_SOURCE MATERIAL:_
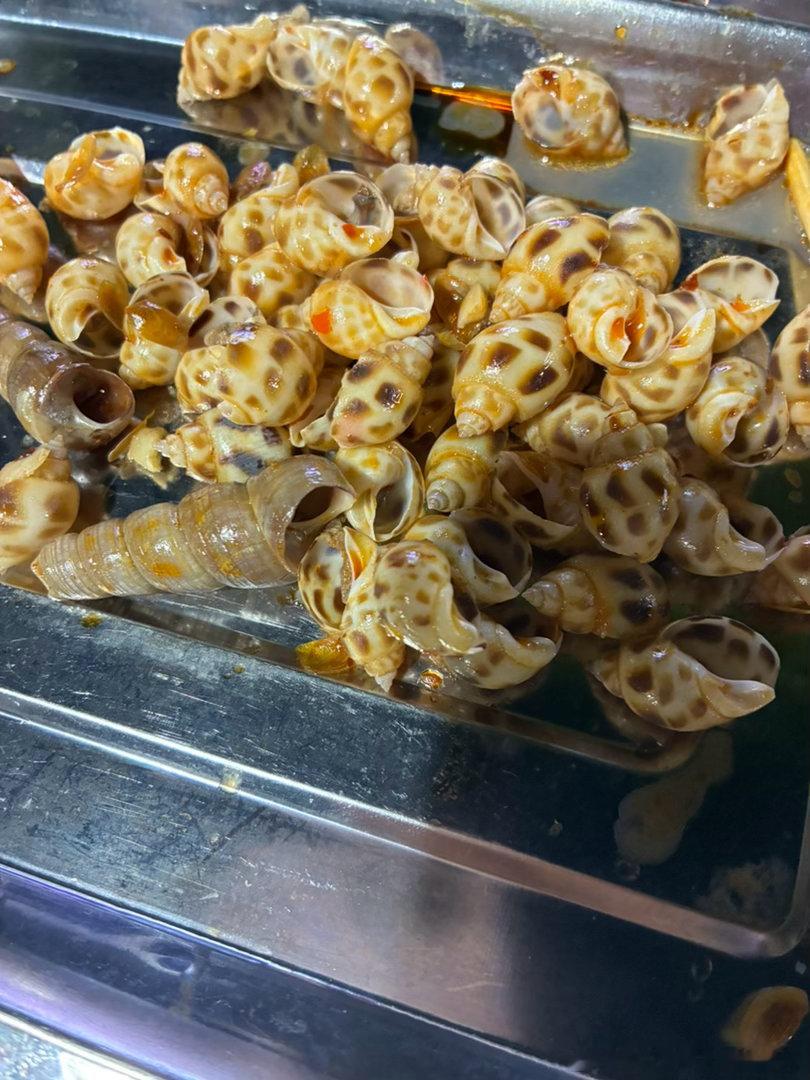 这小海螺把我吃的急死了十五分钟才吃这点下次吃大海螺🐚 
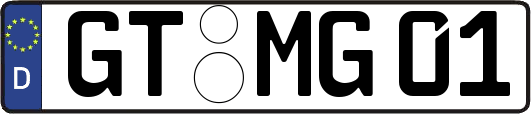 GT-MG01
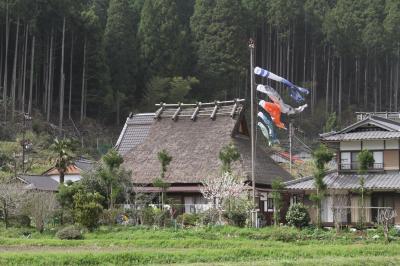 京都「植物園」と「美山」へ写真を撮りに行く。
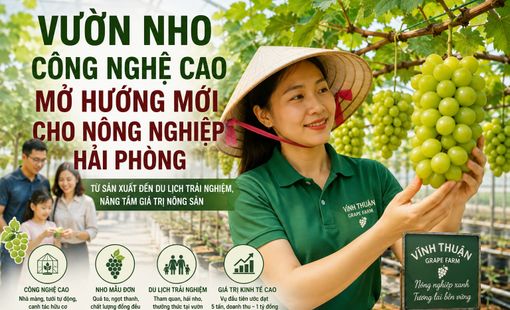 Vườn nho công nghệ cao mở hướng mới cho nông nghiệp Hải Phòng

_TASK OBJECTIVE:_
Leaving out the pictures, restate the listing above exactly.

_TASK SOLUTION:_
 这小海螺把我吃的急死了十五分钟才吃这点下次吃大海螺🐚 
 GT-MG01
 京都「植物園」と「美山」へ写真を撮りに行く。
 Vườn nho công nghệ cao mở hướng mới cho nông nghiệp Hải Phòng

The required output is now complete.